La commissione regionale antimafia ha presentato ieri una relazione, la prima da quando il presidente è Antonello Cracolici, a conclusione di un lavoro di mappatura delle nove province dell’Isola. Una trentina di pagine in cui si riassume quanto emerso dall’ascolto di poco più di trecento amministratori locali. «Ci saremmo aspettati una capacità di analisi sui motivi per cui il fenomeno mafioso sia ancora così articolato e florido – è il commento di Nicola Grassi, il presidente dell’Asaec (associazione antiestorsione catanese). Invece, la relazione si limita a raccogliere dati sul fenomeno del racket, del commercio di stupefacenti e sulla mafia in agricoltura».

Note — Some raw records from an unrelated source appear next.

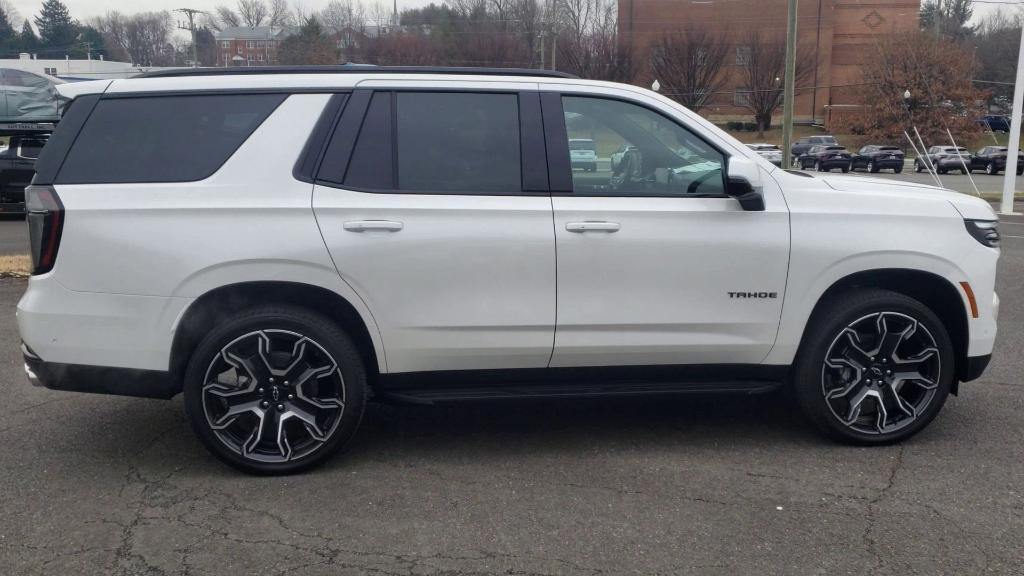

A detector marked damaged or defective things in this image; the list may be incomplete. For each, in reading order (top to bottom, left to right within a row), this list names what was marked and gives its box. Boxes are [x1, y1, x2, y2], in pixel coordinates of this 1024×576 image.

cracked asphalt pavement [0, 214, 1020, 572]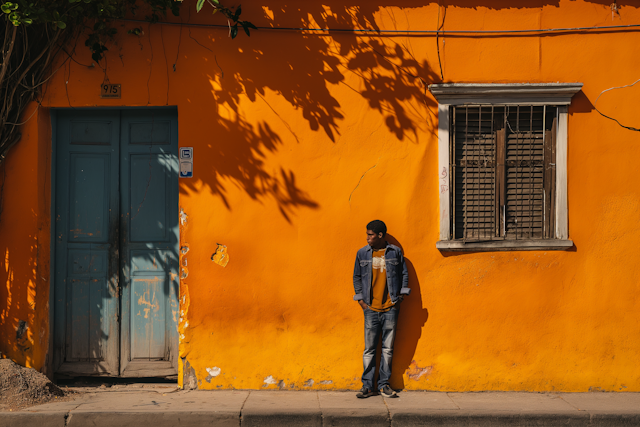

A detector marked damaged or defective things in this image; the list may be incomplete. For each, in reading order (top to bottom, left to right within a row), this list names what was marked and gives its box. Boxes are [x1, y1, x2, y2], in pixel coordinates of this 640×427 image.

paint peeling on wall [211, 244, 229, 268]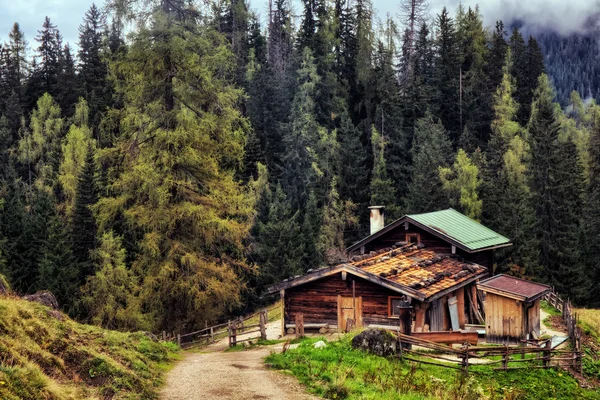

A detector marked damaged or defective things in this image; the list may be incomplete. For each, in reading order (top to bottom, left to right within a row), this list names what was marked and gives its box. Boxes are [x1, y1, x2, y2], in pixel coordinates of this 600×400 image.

rusty shingle roof [352, 245, 488, 298]
rusty shingle roof [476, 276, 552, 300]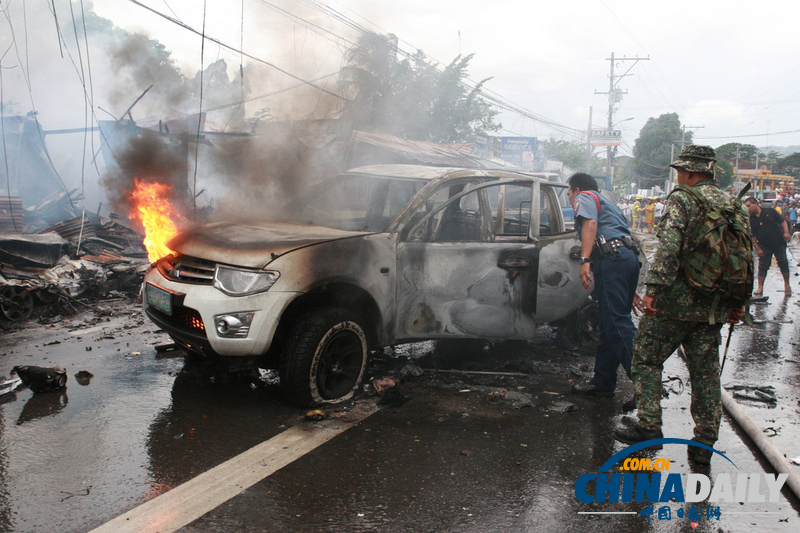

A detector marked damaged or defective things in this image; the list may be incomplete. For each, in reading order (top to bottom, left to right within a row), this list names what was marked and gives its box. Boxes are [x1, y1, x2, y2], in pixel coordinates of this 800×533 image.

burned pickup truck [141, 164, 592, 406]
charred vehicle door [398, 178, 548, 336]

«Ma ciò che ci ha particolarmente sorpreso – continuano dall’associazione che da oltre trent’anni porta avanti le attività di sensibilizzazione sul tema nel territorio etneo – è stata la ristretta audizione limitata a sole tre associazioni antiracket siciliane e, tra queste, nessuna in provincia di Catania». Una lacuna importante visto che nella stessa relazione della commissione viene ribadito che le mafie puntano ancora molto sul pizzo e sulle estorsioni. Un business che oggi risponderebbe al motto “pagare meno, pagare tutti“. «Per una più seria, approfondita e complessiva analisi dei fenomeni del racket e dell’usura – si chiedono dall’Asaec – non sarebbe stato meglio audire quante più associazioni possibili?».
Una domanda che suona quasi retorica. E dalla quale, però, ne scaturiscono altre che retoriche non sono: «Perché non si è aperta la platea di ascolto alle associazioni che vivono i territori? Il compito della commissione regionale antimafia – sottolineano dall’Asaec – non dovrebbe essere soltanto quello di una semplicistica raccolta di dati sui vari fenomeni». A questo, del resto, ci pensano già le dettagliate relazioni semestrali della Direzione investigativa antimafia. «La commissione, invece – aggiungono dall’associazione antiracket catanese – dovrebbe puntare sulla capacità di inchiesta, di analisi del problema e delle possibili soluzioni. Ci chiediamo – concludono – se in futuro questa commissione vorrà avere la forza e il coraggio di indagare i motivi di un così forte radicamento del fenomeno mafioso in Sicilia».